3. Scheduled Scaling: Scale on a defined schedule, add capacity at 8am Monday to Friday when office workers come online, reduce it at 8pm. Use this when you know your traffic patterns in advance.
4. Predictive Scaling: Uses machine learning to forecast future traffic based on historical patterns and pre-provisions capacity before demand arrives. Eliminates the lag between a traffic spike arriving and reactive scaling completing.
ECS Auto Scaling
ECS services scale tasks, not instances using Application Auto Scaling. The same policy types apply — target tracking, step scaling, and scheduled scaling — but they control the number of running tasks rather than EC2 instances.
For Fargate, task scaling is all you need — AWS manages the underlying infrastructure. For EC2 launch type, you need both task scaling and cluster scaling via an ASG.
How They Work Together
ALB and Auto Scaling integrate natively. When Auto Scaling adds a new instance or ECS task, it registers it with the load balancer automatically. When it removes one, it deregisters it after completing in-flight requests before termination.
Traffic increases
│
▼
ALB distributes load across existing targets
│
▼
Auto Scaling detects metric threshold breached
│
▼
New instances or tasks launched
│
▼
ALB registers new targets — health checks pass
│
▼
Traffic distributed across expanded capacity
│
▼
Traffic decreases — Auto Scaling removes excess capacity
│
▼
ALB deregisters removed targets gracefully
The entire cycle is automatic. No human involvement needed.
Resilience Patterns
1. Multi-AZ deployment: Always deploy your Auto Scaling Group or ECS service across at least two Availability Zones. If one AZ has an outage, the load balancer routes traffic to instances in the remaining AZs automatically. Your application stays available.
2. Connection draining: When Auto Scaling removes an instance, the load balancer waits for existing connections to complete before the instance is terminated. This prevents in-flight requests from being cut off during scale-in events.

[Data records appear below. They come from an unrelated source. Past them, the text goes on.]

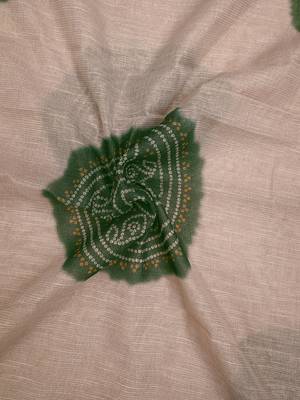 beige green shimmer handloom cotton blend saree with floral print (t sfshmr35) 5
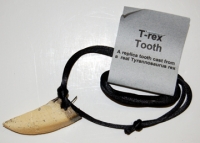 Tyrannosaurus rex Tooth Necklace Pendant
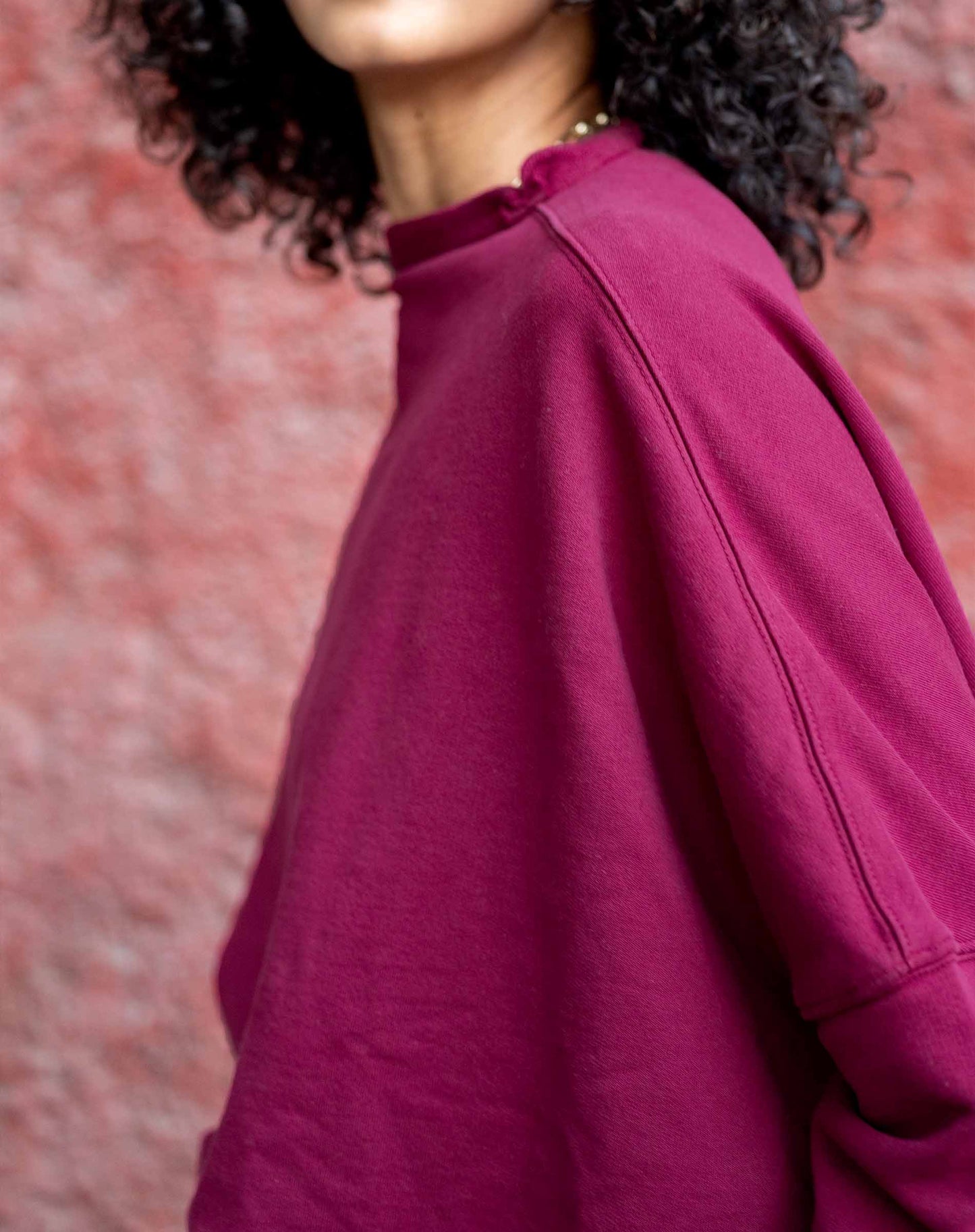 Frenchie Mock Neck Sweatshirt in Winterberry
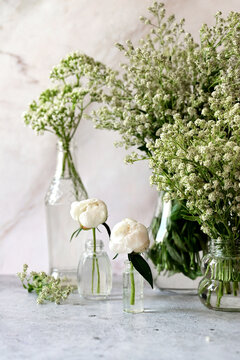 Fresh white gypsophila, piones on a white background. Wedding date. An invitation to a holiday. Congratulation.An empty space for text. View from above.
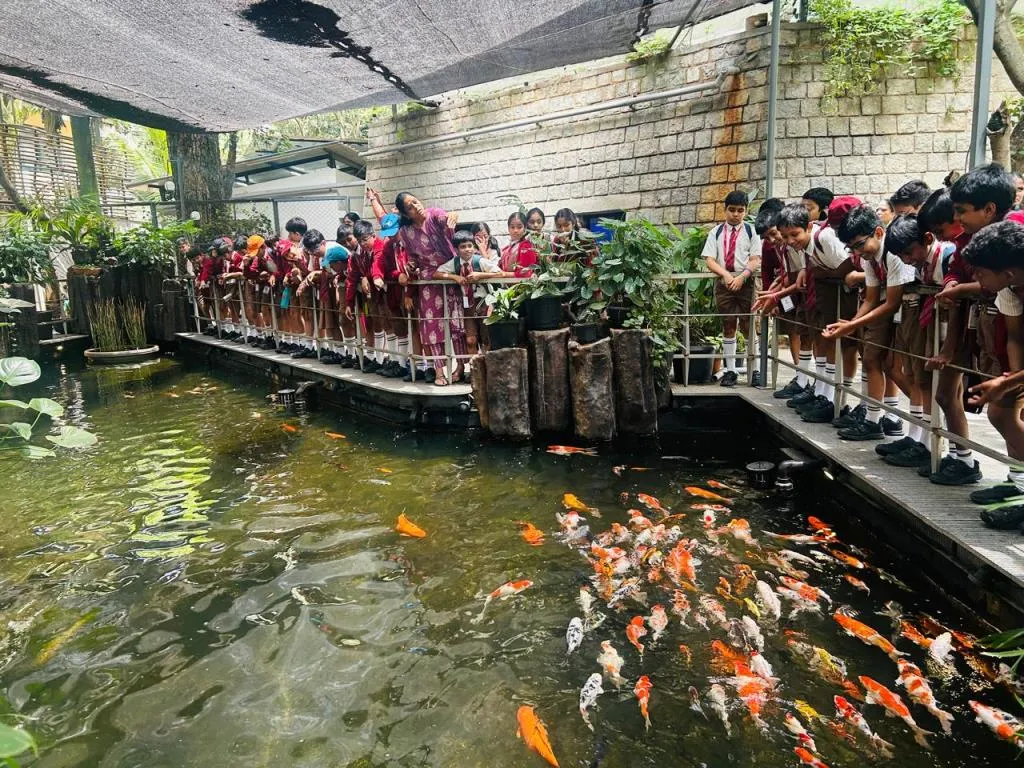 Discovering Aquatic Life at Namma Aquarium 6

3. Warm-up period: Newly launched instances need time to initialise before they can handle traffic effectively. Configure a warm-up period in your scaling policy so new instances are not counted as healthy until they are ready — preventing premature traffic routing to cold instances.
Cost Efficiency Through Scaling
Auto Scaling does not just improve resilience, it directly reduces cost. Without it, you provision for peak load at all times — paying for maximum capacity even during off-peak hours. With Auto Scaling, you pay only for the capacity you currently need.
Combine Auto Scaling with:
1. Spot Instances for EC2-based workloads — up to 90% cheaper than On-Demand. Configure your ASG to use a mix of On-Demand and Spot Instances for cost-efficient resilience.
2. Savings Plans for the baseline capacity that always runs — commit to a minimum level of usage for significant discounts.